=== WHAT YOU ARE ASKED TO DO ===
Output exactly the lines below from the one containing "Mid-century groen daybed" to the last line, both included. Omit pictures.

-- Opening Marker --

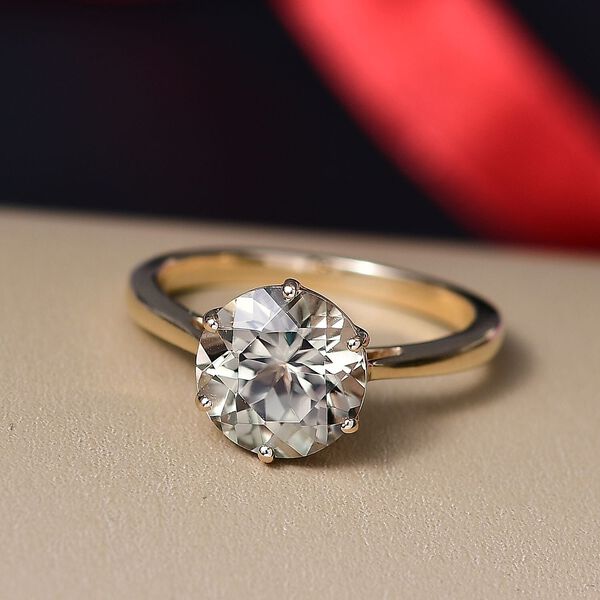 AAA Turkizit Ring 417 Gold (Gr&ouml;&szlig;e 16.50) ca. 3,00 ct image number 1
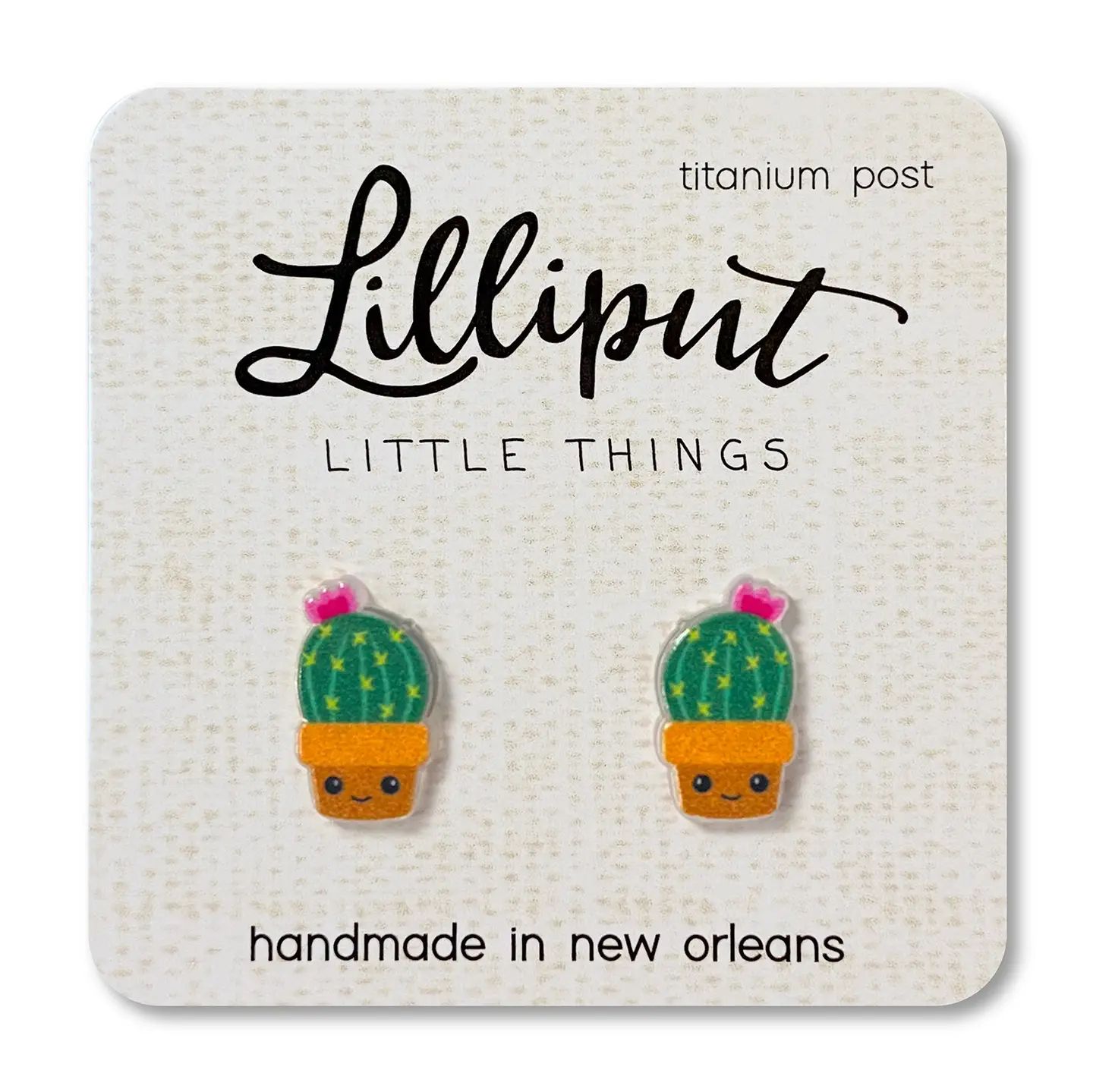 Lilliput Kawaii Cactus Post Earrings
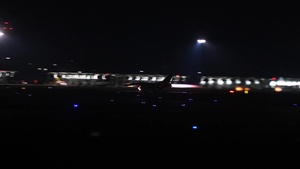 F-16 night takeoff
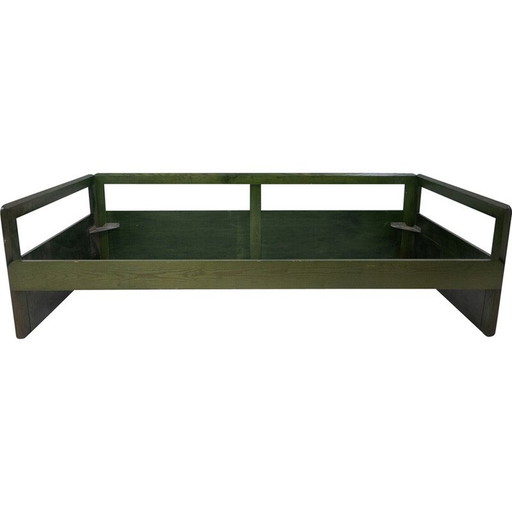 Mid-century groen daybed van Derk Jan de Vries, Italië 1960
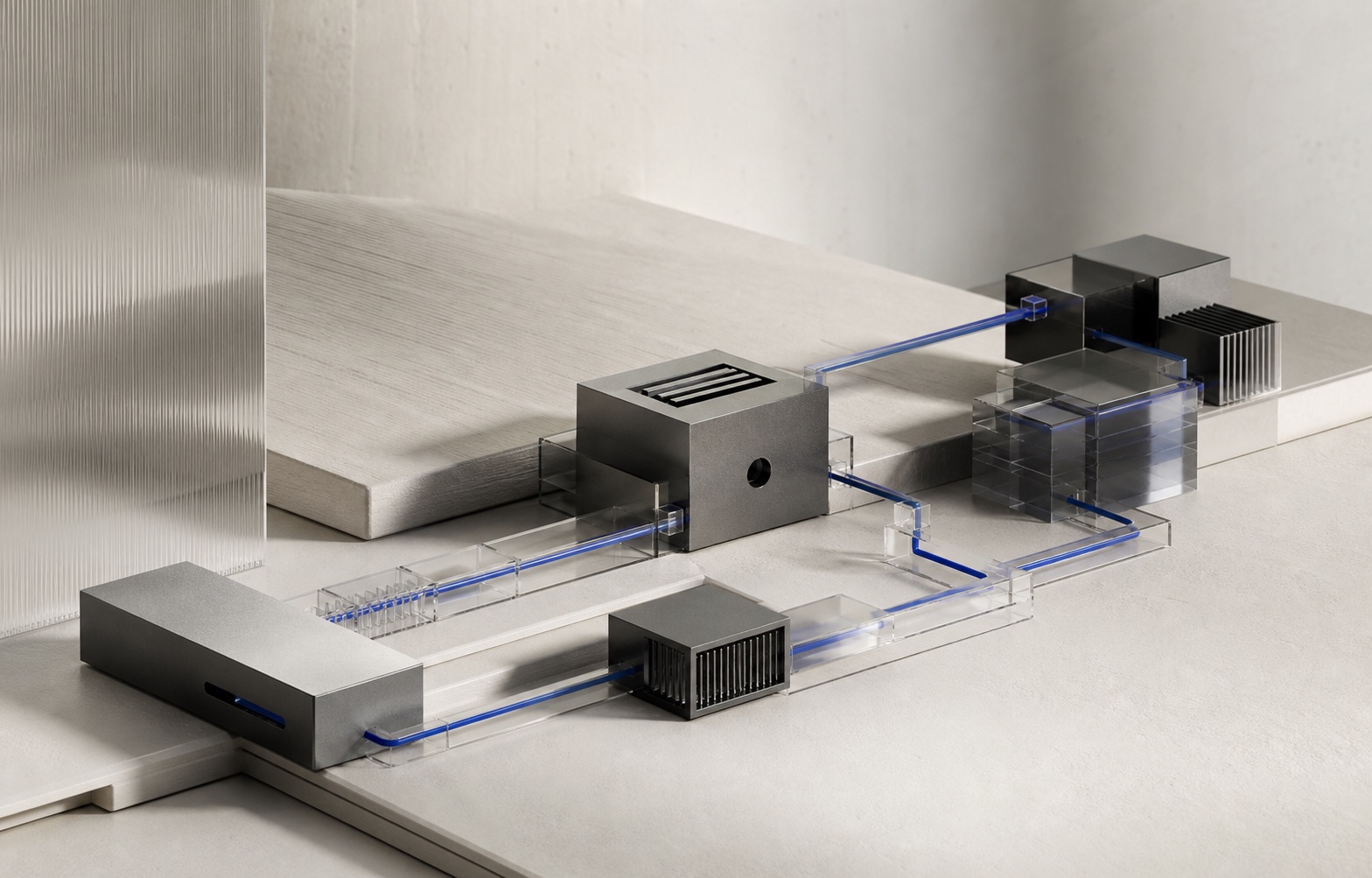 Concept artwork representing connected operational systems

-- Closing Marker --

=== EXERCISE ANSWER ===
 Mid-century groen daybed van Derk Jan de Vries, Italië 1960
 Concept artwork representing connected operational systems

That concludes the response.